** Exercise prompt **
Do not include the pictures; repeat the rest of the data exactly.

** Data section **
......

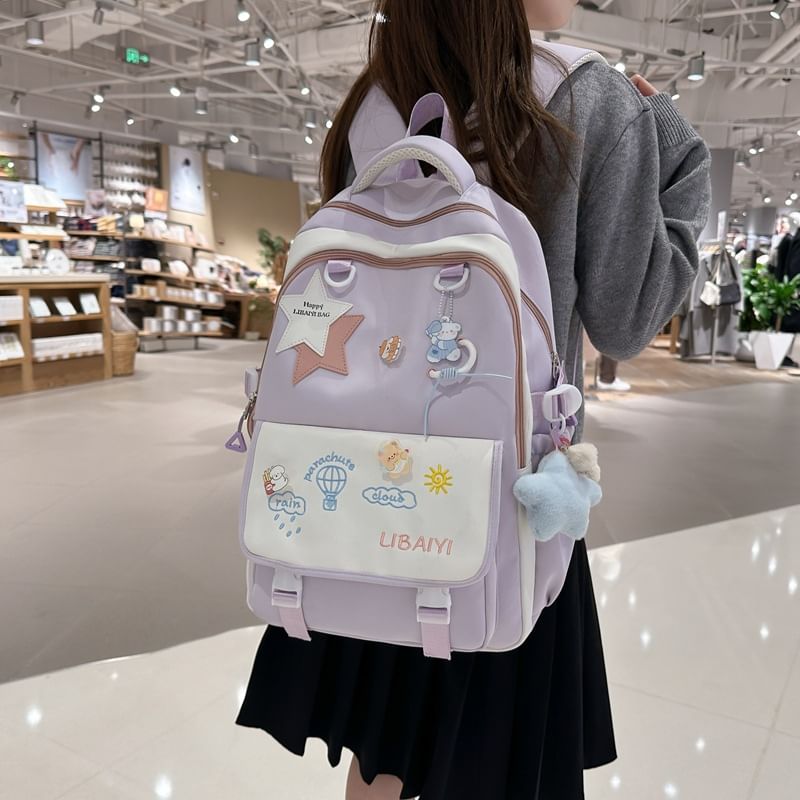 Embroidered Tote Badge Star Nylon Set / Bag Laptop Charm Backpack Applique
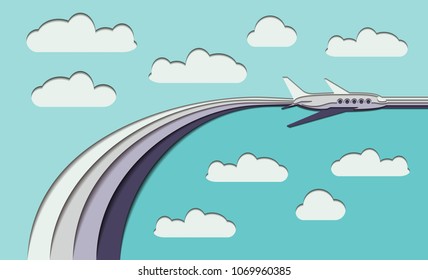 El avión volando por el cielo, hecho de varias capas de papel coloreado. Fondo en estilo origami.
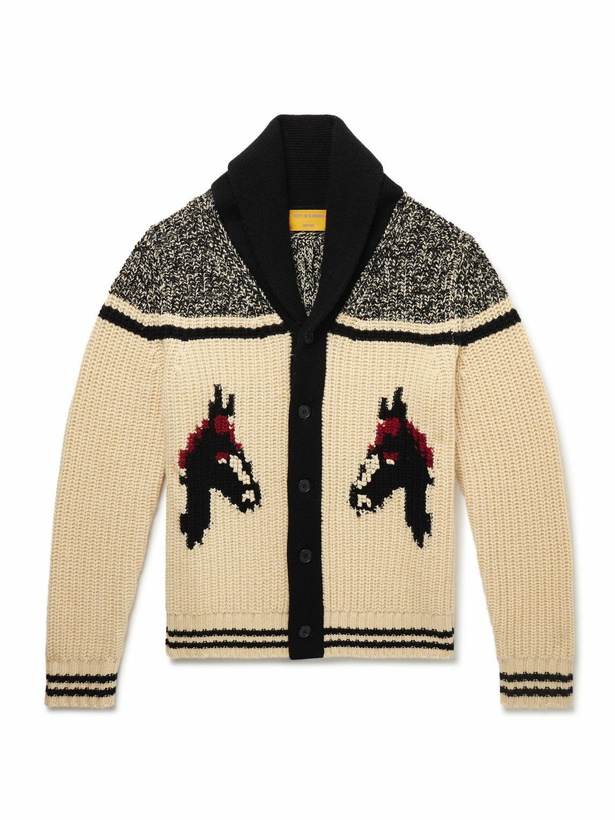 Photo: Guest In Residence - Rodeo Shawl-Collar Intarsia-Knit Wool and Cashmere-Blend Cardigan - Yellow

......

** Solved problem **
 Embroidered Tote Badge Star Nylon Set / Bag Laptop Charm Backpack Applique
 El avión volando por el cielo, hecho de varias capas de papel coloreado. Fondo en estilo origami.
 Photo: Guest In Residence - Rodeo Shawl-Collar Intarsia-Knit Wool and Cashmere-Blend Cardigan - Yellow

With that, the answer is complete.